「イラスト・むし」カテゴリーアーカイブ

銭湯ライフ

 ちょっと古い話になるんですが、NHKのラジオ番組を「聞き逃しサービス」で聞きました。1月の中旬のことですので、いまはもうその音声の公開時期は過ぎちゃっていますけど。

 人気番組「伊集院光の100年ラヂオ」です。

 古い録音素材を聞いていこう! という趣旨の番組なんですが、その回は日本が主権を回復した昭和27年に作られた番組でした。
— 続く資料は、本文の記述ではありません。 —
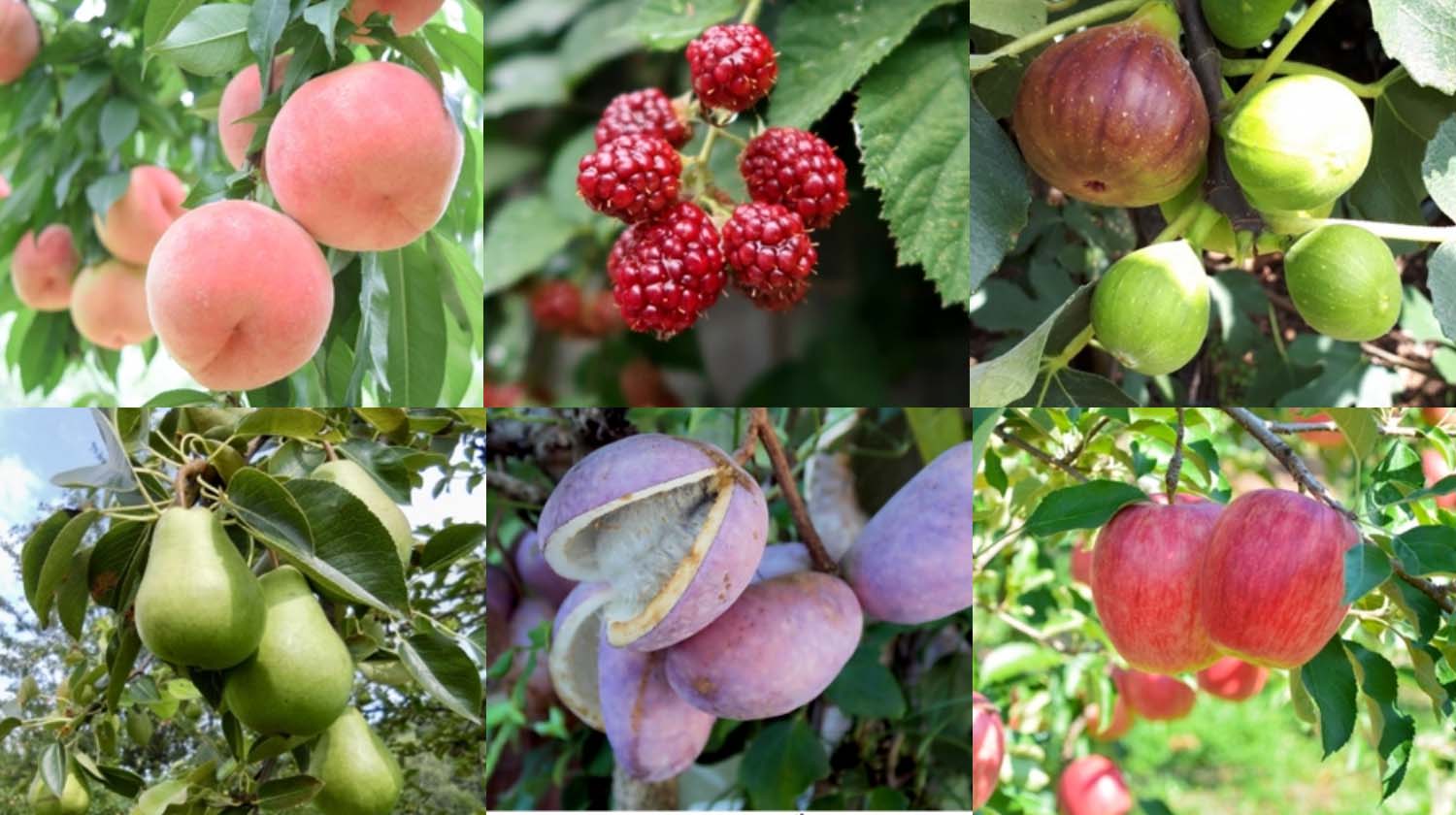 Unripe fruit from Akita prefecture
 「100年ラヂオ」を聞く上で、いろんなことを知れるんですけど、ひとつには、かつて番組制作を監督する立場におけるGHQの(中の一つの部署という)存在があったこと。そうした管理もなくなったのが昭和27年だったということなんだそうです。

 ざっくり言って自由な番組作りっていうことでしょうか。テレビの放送がまだですので、放送メディアはラジオだけで、そのせいなのかラジオ番組制作における力の入れ具合は今とは違う熱量があったのかなという感想もあります。

 具体的な内容なんですけど、本日のイラストには銭湯の番台周辺を描写いたしましたが、その通りというか「お風呂」にまつわるものでした。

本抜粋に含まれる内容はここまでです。